The mission of museums had also moved on. MCA was conceived in the tradition of cloistered containers for the contemplation of art. But before it was finished, the paradigm was shifting toward transparency, openness, social engagement, and community outreach. This is the direction in which director Madeleine Grynsztejn has chosen to lead MCA with a recently completed $16-million renovation, designed by Los Angeles-based Johnston Marklee (JM).

As artistic directors of this year’s Chicago Architecture Biennial, titled "Make New History," architects (and spouses) Sharon Johnston and Mark Lee were sympathetic to the Kleihues design’s hybrid historic form. “We looked at it with love,” recalls Lee. “Kleihues described it as somewhere between Schinkel’s Altes Museum and Mies’ New National Gallery, between the neoclassical and the modern. We asked, how can we help solve its problems through the lens of its original intentions?”

They focused on the problems of cramped circulation and inadequate non-gallery public space by reconfiguring the ground floor of the building’s northern flank, merging a lobby for an existing theater with a new restaurant to create the “Street,” an alternate path to and from the main floor above, as well as a social gathering place. Pedestrians looking into Kleihues’ big square gridded windows now see a lively and stylish dining room, bar and lounge instead of institutional classrooms.

A new elliptical stair leads up to the “Commons,” a multipurpose area that opens onto a terrace overlooking the museum’s garden. Above, JM inserted a third floor classroom and meeting area in what had been the upper half of a two-story café. Visible from the atrium, it “puts education front and center,” says Grynsztejn. The project has transformed 9,000 square feet and added 3,000 more with no changes to the exterior.

JM have made their interventions with linear precision and painterly warmth. Delicate white plaster vaults modulate the Street’s ceiling, recalling the barrel vaults of the upper level galleries and, according to Lee, “dialing back to the neoclassical.” Walls are sheathed in panels of birch stained a rich chestnut color, a finish repeated in the stair and in other millwork, mixing with richly veined black and white marble and brightly colored upholstery to strike a balance between cool and warm. British artist Chris Ofili has decorated the restaurant, called Marisol (after the artist who painted the first work acquired by MCA), with monochrome drawings and polychrome murals. Mexico City-based designers Pedro y Juana have covered the ceiling of the Commons, which will feature new installations by other artists every few years, with festive pendants.

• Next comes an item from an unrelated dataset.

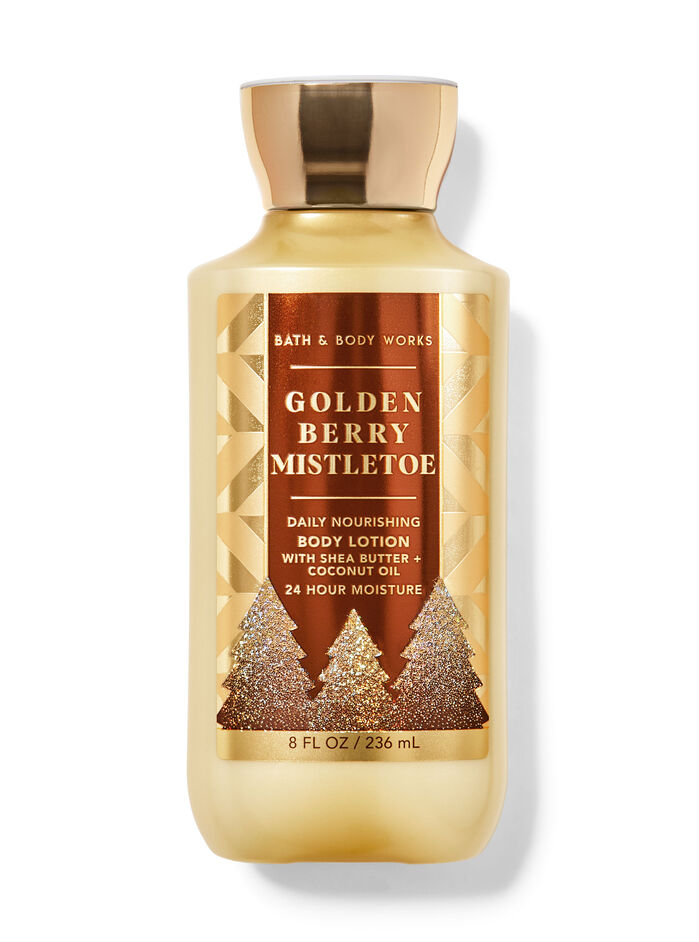 Bath & Body Works Golden Berry Mistletoe Daily Nourishing Body Lotion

Grynsztejn has fulfilled her commitment to community outreach by opening the Street to the public without paying admission. “We’re trying to make the ground floor part of the life of the city,” explains Johnston. “Kleihues intended his building to be a station on a journey from the city to the lake. It’s a beautiful metaphor, but it didn’t quite work out as he envisioned it.” Now, thanks to Johnston and Lee’s sure-handed redesign, visitors can follow a promenade that begins on Mies van der Rohe Way and ends in a garden with views toward Lake Michigan. What could be more rational or poetic?